Cuando enseñaba en escuelas de negocios, en una vida anterior, aventuré que en pocos años la tecnología de la información despertaría los genios dormidos de países, grupos e individuos. Anunciaba a mis alumnos, no sin algún efecto teatral, que cargarían todo el día con un teléfono. Reían agitados observando el ladrillo inverosímil que yo lucía. La gente se mofaba entonces, en los restaurantes, en los autobuses, del zapatófono. A los pioneros siempre se nos toma por gilipollas. Y qué.

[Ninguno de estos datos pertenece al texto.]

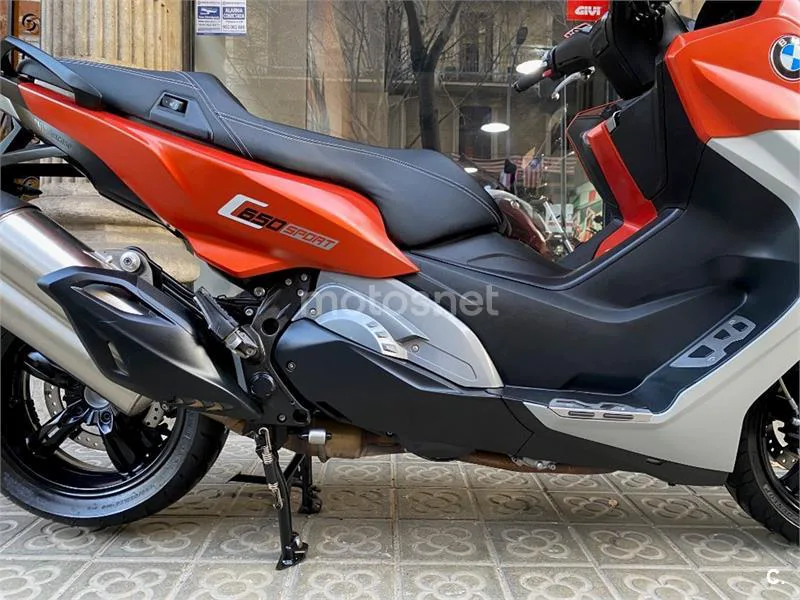 BMW C 650 – Vista 3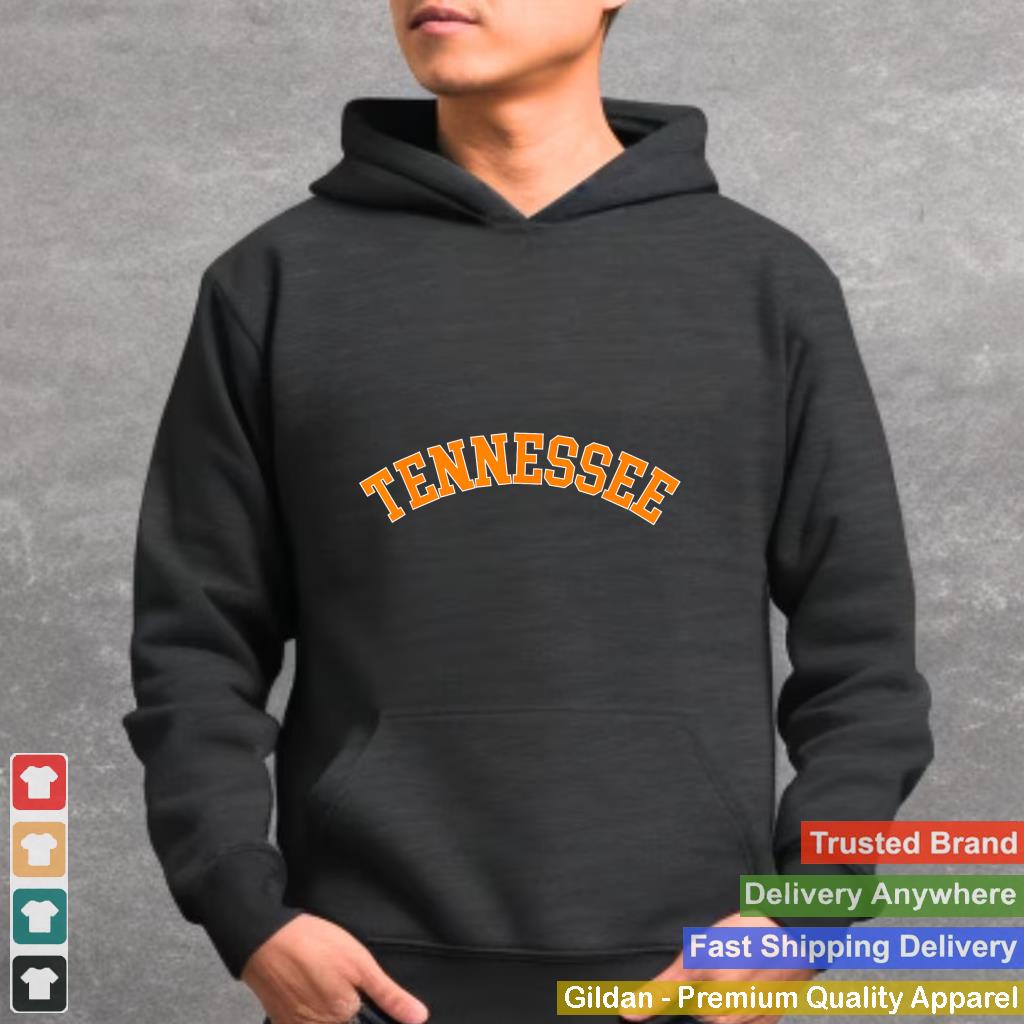 Vintage Tennessee TN Athletic Varsity Sporty Design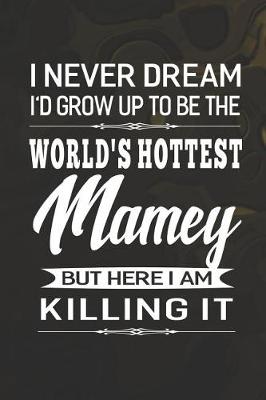 Book cover for I Never Dream I'd Grow Up To Be The World's Hottest Mamey But Here I Am Killing It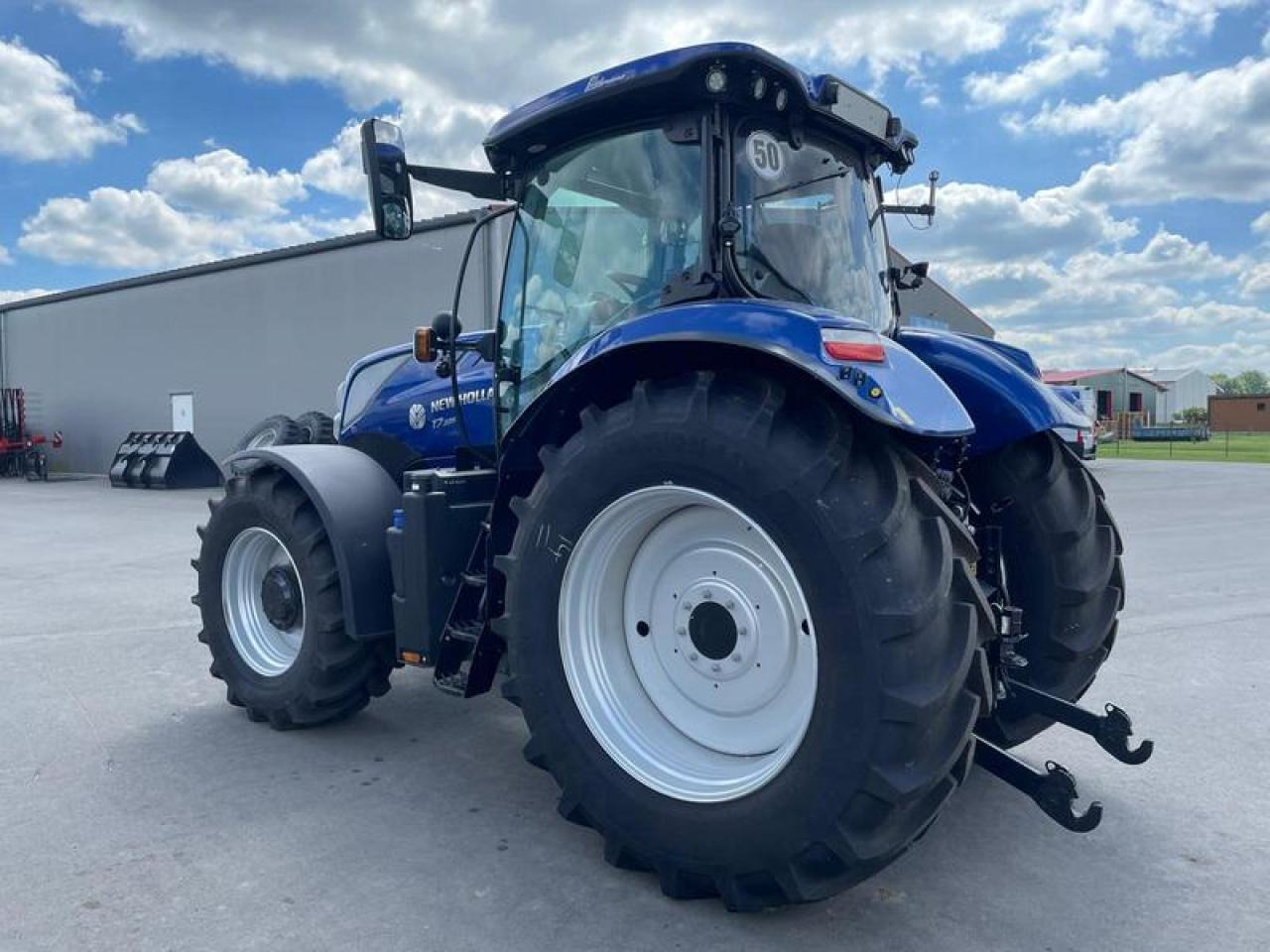 New Holland T 7.225 AKTION - Traktorius: foto 3 New Holland T 7.225 AKTION - Traktorius: foto 3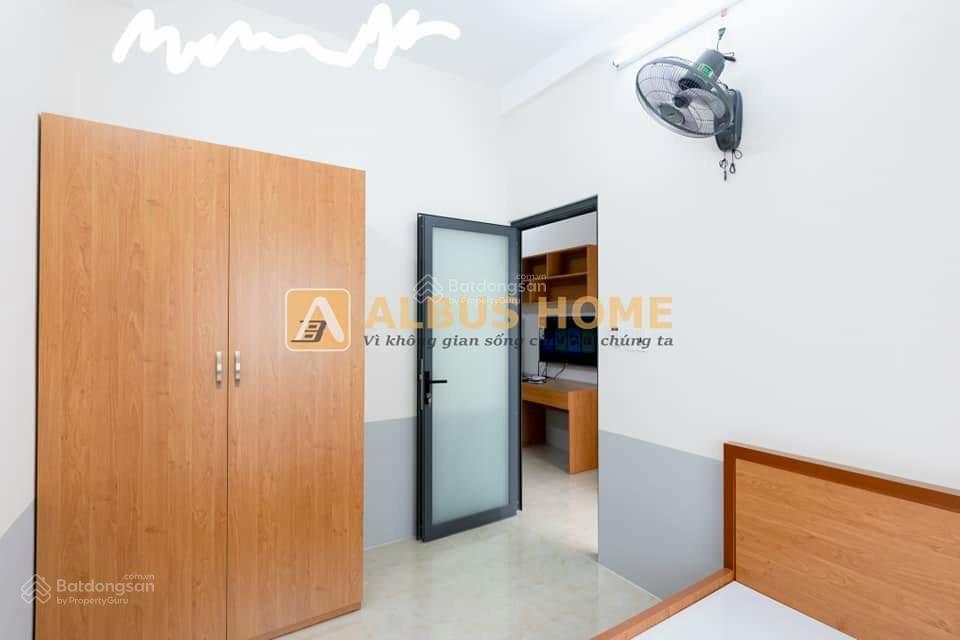 Cho thuê căn hộ 1pn ban công, có máy giặt riêng ngay tân phú gần luỹ bán bích  thoại ngọc hầu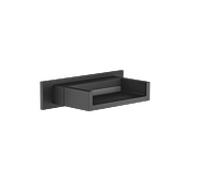 Dornbracht cascade 1342097933 noir mat, montage mural, 1/2 "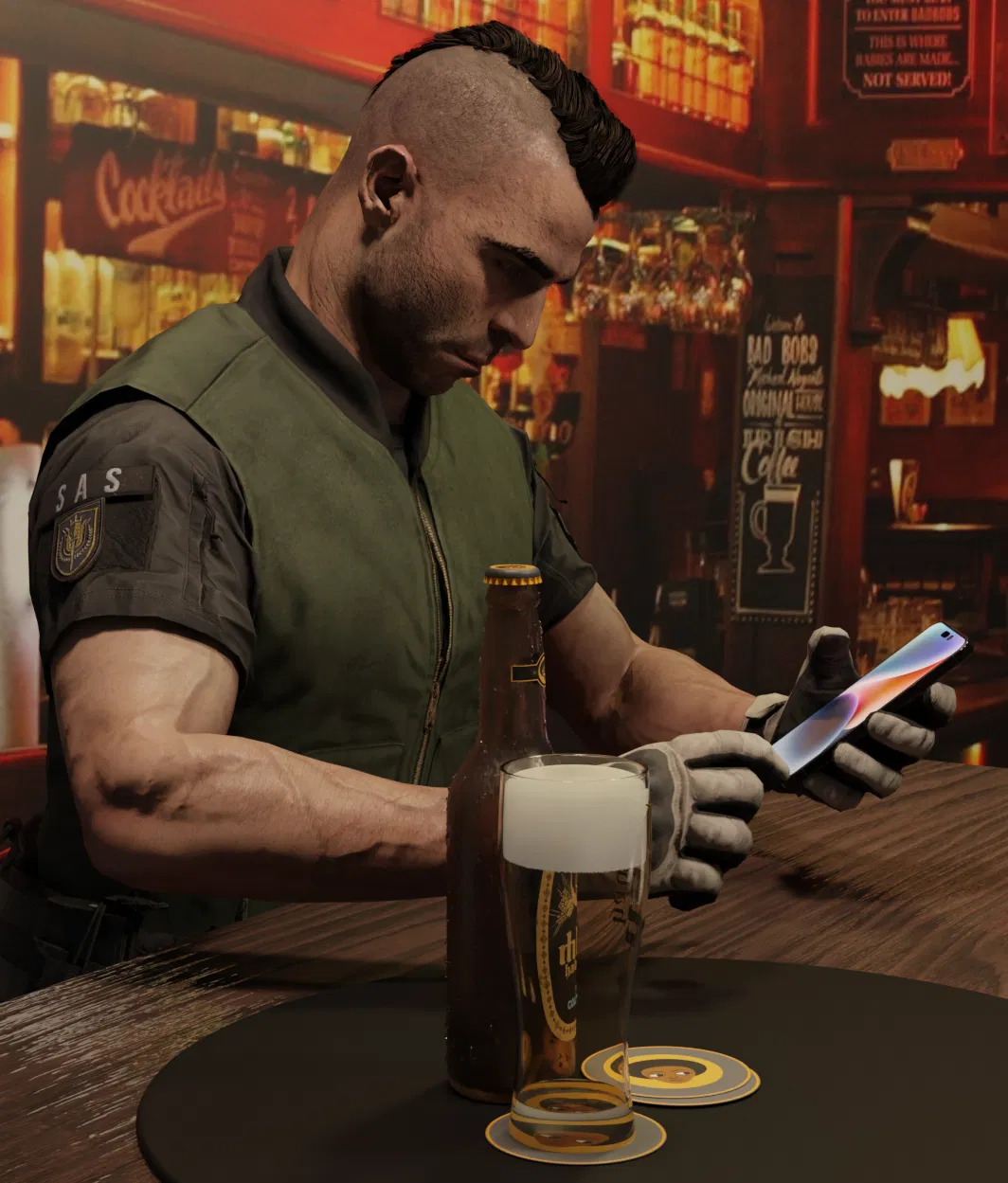 Avatar of John Soap MacTavish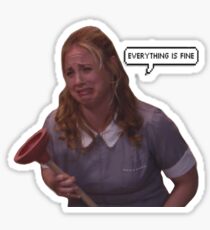 Coco from Zoey 101 Sticker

Seréis más libres de lo que podáis soñar, estaréis mejor informados que Cebrián y Pedro J. juntos, tendréis acceso desde el bar o la cama a bibliotecas alejandrinas; cada uno, remataba tras recordarles la diferencia entre información y conocimiento, aportará y tomará del acervo común. ¡Tendréis acceso a todo! Todo sonaba, claro, demoníaco. Reorientando la clase hacia la materia por la que me pagaban, subrayaba que mi promesa mefistofélica incluía una paleta de infinitos productos y servicios por inventar. Nuevos sectores de actividad, nuevas formas de comprar, nuevas herramientas de gestión. Y nuevos mercados. De forma tangencial, aludía asimismo a la fatal aparición de comunidades virtuales. Hoy se conocen como redes sociales. En esa tangente dormía el verdadero demonio, que no es malvado sino idiota. Todo el día.
Acerté bastante, si me lo permiten. Centenares de ex alumnos darán fe. Pero erré -y cómo- con las comunidades virtuales, con las redes sociales. Las había imaginado especializadas, ofreciendo ágoras a los enfermos de Borges, a los transhumanistas, a los zahoríes. No preví un infierno donde todos habláramos de todo y a la vista de todos durante todo el tiempo. ¡Qué imperdonable exceso de confianza en el ser humano!
Al conocimiento preferimos la patilla, la pátina. Hemos comprobado que, en sociedades donde hay que escolarizarse hasta los dieciséis, la sencilla ortografía castellana escapa al control de la mayor parte de la población. Que, instada a argumentar, una masa enorme preferirá el insulto o el escupitajo. Que, puesta a razonar, la cosa plural exhibe un apego invencible a las falacias groseras. Que la sindéresis ha muerto. Que nos odiamos. Que son legión quienes delatarían en caso de ocupación. Quienes matarían por esa basura de la ideología, que sigue gozando de gran predicamento. A la estulticia, la banalidad y la cobardía, que siempre han existido, las atrae con fuerza inusitada un pajarito piante. Qué poderoso imán de bajeza y cochambre. A estas alturas de nuestro regodeo, he ahí la cara más popular de la revolución tecnológica.